Search through documents with QlikView - Qlik Community

Jason_Michaelides · ‎2011-02-16

Hello all,

I have just started using a sparkly new Win7Pro x64 PC at work. The primary reason for this was to utilise higher levels of RAM for QlikView applications so I stop developing on the server! However, one of the first issues I have hit is the (deliberate) omission by Microsoft of indexing for network shares unless you make them offline folders (not a practical option!). A colleague was telling me about Google Search Appliance (details here) which got me thinking about a QlikView solution.

I've tried to see if someone's already done this but not found anything. Do any of you gentlemen or ladies have some idea about how QlikView could be used to "index" a folder of documents for easy searching? Maybe even get some content from them given the new .docx open format?

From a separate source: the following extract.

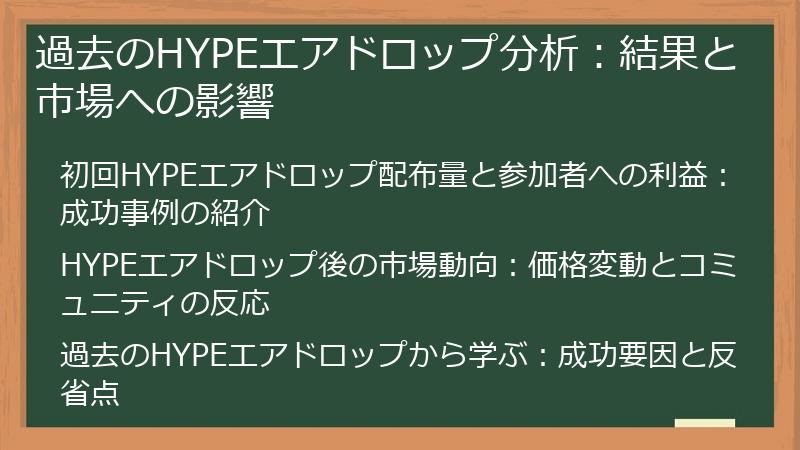 過去のHYPEエアドロップ分析：結果と市場への影響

Would anyone like to take up the challenge of building one!? Just a thought...[8-|]

Cheers,

Jason

Report Inappropriate Content · ‎2011-02-16

Hi Jason,

this is doable, we did it for one of our customers recently with indexing PDF files 😄

You can write a recursive subroutine which reads folder by folder and file by file. You may want to exclude some directories such as C:\Windows or file types. However the basic script is as simple as the following.

SUB GetPaths(dir)

FOR EACH subdir in dirlist( '$(dir)' & '\*' )

docpath:

LOAD '$(subdir)' as docpath

AUTOGENERATE 1;

CALL GetPaths('$(subdir)')

CALL GetPaths('C:');

You can do similiar for files then:

for each file in filelist(subdir & '\*.*')

...

Within this piece of code you can check for the file type and if readable (e.g. txt) load it into QlikView either as one, line by line or however. I never tried that for *.docx but it seems to work except that you will loose some meta data like page number etc. You also need to handle the header "crap", but I didn't say it is easy 😉

Feel free to ask further...

cheers

Florian